• [Entries shown]:

_____

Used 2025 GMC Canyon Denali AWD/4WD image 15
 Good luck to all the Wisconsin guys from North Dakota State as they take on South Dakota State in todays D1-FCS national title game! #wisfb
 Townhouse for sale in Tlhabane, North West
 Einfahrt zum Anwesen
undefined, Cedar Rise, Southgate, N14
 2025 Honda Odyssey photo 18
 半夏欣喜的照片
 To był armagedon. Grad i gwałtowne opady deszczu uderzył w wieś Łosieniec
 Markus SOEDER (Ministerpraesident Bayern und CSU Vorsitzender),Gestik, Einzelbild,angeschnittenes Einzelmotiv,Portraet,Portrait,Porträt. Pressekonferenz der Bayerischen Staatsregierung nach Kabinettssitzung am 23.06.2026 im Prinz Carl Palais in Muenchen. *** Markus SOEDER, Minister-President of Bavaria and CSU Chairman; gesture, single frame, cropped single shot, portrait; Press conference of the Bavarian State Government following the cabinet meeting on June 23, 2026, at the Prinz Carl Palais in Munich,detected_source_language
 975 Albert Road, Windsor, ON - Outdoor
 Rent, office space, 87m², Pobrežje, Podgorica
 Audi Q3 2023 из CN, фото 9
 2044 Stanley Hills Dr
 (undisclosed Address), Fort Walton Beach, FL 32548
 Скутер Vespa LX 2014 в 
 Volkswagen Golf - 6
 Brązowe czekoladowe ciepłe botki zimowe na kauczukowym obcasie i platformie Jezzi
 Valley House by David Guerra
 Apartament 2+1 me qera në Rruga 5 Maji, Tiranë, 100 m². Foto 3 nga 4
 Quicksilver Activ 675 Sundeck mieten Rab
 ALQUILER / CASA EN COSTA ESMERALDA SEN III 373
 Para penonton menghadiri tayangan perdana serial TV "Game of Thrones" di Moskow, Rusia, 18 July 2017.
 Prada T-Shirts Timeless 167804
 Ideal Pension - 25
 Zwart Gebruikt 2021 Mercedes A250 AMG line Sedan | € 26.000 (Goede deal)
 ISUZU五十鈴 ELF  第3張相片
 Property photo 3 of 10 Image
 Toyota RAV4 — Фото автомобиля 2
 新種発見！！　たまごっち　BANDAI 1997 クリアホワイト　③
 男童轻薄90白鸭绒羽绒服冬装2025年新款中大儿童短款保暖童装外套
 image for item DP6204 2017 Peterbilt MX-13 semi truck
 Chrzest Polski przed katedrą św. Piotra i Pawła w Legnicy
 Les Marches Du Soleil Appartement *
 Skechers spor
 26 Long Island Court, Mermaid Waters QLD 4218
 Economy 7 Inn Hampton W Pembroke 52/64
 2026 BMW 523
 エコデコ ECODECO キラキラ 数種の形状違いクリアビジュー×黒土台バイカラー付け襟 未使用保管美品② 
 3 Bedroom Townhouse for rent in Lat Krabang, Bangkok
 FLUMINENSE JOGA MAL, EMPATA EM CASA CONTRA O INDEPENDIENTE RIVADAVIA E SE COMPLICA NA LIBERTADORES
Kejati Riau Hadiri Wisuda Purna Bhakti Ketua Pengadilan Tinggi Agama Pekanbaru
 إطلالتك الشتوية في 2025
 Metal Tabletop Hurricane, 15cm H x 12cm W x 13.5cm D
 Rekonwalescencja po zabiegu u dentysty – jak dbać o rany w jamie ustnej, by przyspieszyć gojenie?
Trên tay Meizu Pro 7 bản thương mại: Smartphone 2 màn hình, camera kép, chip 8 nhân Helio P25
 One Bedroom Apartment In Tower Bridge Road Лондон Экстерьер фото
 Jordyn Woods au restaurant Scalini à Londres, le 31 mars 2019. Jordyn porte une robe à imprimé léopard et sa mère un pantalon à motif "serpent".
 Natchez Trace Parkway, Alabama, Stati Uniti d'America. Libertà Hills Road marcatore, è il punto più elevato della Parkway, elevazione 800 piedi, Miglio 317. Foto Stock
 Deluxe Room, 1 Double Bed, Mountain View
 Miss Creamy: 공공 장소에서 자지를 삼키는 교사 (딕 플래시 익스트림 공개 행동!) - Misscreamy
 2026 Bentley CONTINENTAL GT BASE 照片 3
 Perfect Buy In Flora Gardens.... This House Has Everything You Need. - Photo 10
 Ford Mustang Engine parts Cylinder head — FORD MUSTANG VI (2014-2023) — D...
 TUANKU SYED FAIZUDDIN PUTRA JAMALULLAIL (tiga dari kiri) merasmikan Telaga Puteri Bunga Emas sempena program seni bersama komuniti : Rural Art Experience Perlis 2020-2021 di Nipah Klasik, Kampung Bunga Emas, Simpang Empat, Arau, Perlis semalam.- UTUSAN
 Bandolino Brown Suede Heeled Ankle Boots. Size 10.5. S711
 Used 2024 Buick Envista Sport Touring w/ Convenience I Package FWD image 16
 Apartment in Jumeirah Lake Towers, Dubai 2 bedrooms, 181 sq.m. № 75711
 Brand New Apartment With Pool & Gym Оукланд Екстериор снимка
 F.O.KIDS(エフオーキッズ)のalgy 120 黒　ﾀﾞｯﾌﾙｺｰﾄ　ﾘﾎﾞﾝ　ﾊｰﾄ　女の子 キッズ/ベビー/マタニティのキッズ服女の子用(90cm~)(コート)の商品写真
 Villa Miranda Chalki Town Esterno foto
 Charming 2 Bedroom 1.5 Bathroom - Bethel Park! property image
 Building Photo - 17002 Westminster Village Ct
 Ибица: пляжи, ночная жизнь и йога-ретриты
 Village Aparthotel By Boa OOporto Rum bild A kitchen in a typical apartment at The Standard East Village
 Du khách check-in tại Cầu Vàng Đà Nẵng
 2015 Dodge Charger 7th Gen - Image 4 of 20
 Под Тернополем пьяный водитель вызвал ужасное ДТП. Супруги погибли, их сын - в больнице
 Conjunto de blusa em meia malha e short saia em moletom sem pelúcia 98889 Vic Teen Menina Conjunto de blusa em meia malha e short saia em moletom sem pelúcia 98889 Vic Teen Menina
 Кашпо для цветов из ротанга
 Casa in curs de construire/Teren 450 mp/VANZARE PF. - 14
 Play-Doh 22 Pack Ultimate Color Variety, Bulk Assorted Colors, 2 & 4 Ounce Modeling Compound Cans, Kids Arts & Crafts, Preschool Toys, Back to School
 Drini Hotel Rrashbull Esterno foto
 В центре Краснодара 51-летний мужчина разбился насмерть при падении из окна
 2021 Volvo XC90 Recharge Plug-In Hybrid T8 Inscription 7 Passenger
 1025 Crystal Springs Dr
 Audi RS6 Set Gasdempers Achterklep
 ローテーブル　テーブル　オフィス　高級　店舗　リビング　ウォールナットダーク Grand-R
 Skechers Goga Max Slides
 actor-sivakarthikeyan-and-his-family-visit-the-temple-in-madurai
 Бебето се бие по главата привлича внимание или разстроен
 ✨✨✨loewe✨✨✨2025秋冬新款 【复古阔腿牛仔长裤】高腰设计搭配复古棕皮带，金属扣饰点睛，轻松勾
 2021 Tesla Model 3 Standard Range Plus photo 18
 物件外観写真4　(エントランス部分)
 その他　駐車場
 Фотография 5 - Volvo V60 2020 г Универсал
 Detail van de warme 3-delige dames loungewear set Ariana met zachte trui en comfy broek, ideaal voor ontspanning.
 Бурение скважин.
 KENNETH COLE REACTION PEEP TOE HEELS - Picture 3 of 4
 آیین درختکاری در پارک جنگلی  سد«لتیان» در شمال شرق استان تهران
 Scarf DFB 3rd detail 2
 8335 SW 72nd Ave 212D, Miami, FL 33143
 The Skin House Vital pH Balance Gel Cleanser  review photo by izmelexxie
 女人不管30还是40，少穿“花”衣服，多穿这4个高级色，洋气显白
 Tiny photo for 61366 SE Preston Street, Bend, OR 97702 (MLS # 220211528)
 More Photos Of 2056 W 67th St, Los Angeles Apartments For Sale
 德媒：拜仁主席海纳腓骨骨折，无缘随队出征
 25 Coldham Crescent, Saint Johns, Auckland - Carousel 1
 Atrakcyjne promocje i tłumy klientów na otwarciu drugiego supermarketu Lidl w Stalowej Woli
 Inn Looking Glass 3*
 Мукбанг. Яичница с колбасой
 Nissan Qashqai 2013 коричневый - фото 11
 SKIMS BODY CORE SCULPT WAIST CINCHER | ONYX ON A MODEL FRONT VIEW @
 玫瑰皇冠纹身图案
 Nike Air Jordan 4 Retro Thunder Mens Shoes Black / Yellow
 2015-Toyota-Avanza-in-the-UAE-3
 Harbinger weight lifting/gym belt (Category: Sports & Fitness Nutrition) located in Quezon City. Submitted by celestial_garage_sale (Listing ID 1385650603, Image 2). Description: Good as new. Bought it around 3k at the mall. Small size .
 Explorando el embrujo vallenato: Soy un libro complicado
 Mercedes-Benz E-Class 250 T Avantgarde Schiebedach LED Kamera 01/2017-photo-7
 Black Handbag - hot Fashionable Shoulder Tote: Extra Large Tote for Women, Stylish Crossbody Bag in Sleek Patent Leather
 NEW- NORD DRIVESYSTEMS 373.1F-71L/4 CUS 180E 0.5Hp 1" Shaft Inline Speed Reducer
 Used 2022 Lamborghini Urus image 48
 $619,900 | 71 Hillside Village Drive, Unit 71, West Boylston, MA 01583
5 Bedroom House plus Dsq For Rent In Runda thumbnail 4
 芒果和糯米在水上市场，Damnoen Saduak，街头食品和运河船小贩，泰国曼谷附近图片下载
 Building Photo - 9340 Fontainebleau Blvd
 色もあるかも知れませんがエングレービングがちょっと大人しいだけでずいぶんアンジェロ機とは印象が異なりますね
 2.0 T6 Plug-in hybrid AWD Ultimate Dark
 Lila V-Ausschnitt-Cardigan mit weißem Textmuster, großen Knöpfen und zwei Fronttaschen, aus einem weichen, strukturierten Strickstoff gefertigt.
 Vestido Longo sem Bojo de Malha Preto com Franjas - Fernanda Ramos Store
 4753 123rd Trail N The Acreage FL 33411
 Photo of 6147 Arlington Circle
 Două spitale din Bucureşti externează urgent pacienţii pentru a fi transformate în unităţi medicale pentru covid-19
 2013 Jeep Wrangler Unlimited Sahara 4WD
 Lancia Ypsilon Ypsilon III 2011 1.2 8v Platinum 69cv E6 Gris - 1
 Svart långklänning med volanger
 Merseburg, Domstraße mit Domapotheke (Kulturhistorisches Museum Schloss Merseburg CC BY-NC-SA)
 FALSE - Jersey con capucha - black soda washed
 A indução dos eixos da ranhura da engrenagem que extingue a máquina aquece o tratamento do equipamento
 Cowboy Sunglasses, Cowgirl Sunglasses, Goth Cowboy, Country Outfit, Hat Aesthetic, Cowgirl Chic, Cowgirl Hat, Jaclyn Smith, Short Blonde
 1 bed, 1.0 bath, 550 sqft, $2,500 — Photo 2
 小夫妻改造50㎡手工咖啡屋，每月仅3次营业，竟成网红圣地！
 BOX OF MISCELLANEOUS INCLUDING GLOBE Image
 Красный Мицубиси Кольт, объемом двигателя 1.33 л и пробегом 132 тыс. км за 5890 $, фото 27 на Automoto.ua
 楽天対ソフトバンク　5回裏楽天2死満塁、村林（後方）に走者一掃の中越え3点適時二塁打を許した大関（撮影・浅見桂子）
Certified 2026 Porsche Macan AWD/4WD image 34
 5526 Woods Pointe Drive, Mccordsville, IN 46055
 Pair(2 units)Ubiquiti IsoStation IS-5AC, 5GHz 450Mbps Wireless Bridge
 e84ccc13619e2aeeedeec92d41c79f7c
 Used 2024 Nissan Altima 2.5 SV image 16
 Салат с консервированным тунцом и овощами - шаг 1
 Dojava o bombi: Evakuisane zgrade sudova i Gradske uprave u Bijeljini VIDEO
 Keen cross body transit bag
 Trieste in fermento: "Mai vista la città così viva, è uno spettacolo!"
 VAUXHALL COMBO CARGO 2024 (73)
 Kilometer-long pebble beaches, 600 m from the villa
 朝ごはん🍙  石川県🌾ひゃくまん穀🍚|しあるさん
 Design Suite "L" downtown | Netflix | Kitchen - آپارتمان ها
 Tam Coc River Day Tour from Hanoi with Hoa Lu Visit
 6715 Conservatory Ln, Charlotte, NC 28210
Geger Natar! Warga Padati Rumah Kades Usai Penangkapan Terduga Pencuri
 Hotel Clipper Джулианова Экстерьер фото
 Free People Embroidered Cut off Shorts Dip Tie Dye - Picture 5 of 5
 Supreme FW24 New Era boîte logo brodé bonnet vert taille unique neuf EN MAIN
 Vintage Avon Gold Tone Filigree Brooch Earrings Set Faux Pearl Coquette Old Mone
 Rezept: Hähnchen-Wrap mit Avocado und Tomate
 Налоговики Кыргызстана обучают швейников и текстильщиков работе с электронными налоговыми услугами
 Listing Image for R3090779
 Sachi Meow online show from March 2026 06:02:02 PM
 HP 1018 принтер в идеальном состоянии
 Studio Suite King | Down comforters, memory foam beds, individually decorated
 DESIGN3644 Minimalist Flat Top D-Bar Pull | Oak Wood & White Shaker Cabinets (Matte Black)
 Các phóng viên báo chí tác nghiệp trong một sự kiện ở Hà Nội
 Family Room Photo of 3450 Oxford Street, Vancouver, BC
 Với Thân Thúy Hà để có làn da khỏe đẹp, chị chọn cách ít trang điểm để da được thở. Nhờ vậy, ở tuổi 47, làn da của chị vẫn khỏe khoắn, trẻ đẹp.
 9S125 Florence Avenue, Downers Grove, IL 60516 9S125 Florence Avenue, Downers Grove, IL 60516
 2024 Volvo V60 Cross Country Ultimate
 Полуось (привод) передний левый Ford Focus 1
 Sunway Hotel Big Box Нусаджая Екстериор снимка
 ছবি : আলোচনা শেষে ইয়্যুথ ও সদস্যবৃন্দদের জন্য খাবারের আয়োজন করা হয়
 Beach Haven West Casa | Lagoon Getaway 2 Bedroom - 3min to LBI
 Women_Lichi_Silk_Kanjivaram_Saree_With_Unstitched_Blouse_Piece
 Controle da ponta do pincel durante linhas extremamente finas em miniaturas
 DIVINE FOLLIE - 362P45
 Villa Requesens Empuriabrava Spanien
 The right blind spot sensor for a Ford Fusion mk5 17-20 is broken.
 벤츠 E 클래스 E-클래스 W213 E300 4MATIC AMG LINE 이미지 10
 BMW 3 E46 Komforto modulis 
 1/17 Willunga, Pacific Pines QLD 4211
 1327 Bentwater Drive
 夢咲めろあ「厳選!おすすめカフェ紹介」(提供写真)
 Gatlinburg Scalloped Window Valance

_____

• [Exercise details]: Where a line in the material above holds "Used", copy that line.

• [Your solution]:
Used 2025 GMC Canyon Denali AWD/4WD image 15
 Used 2024 Buick Envista Sport Touring w/ Convenience I Package FWD image 16
 Used 2022 Lamborghini Urus image 48
 Used 2024 Nissan Altima 2.5 SV image 16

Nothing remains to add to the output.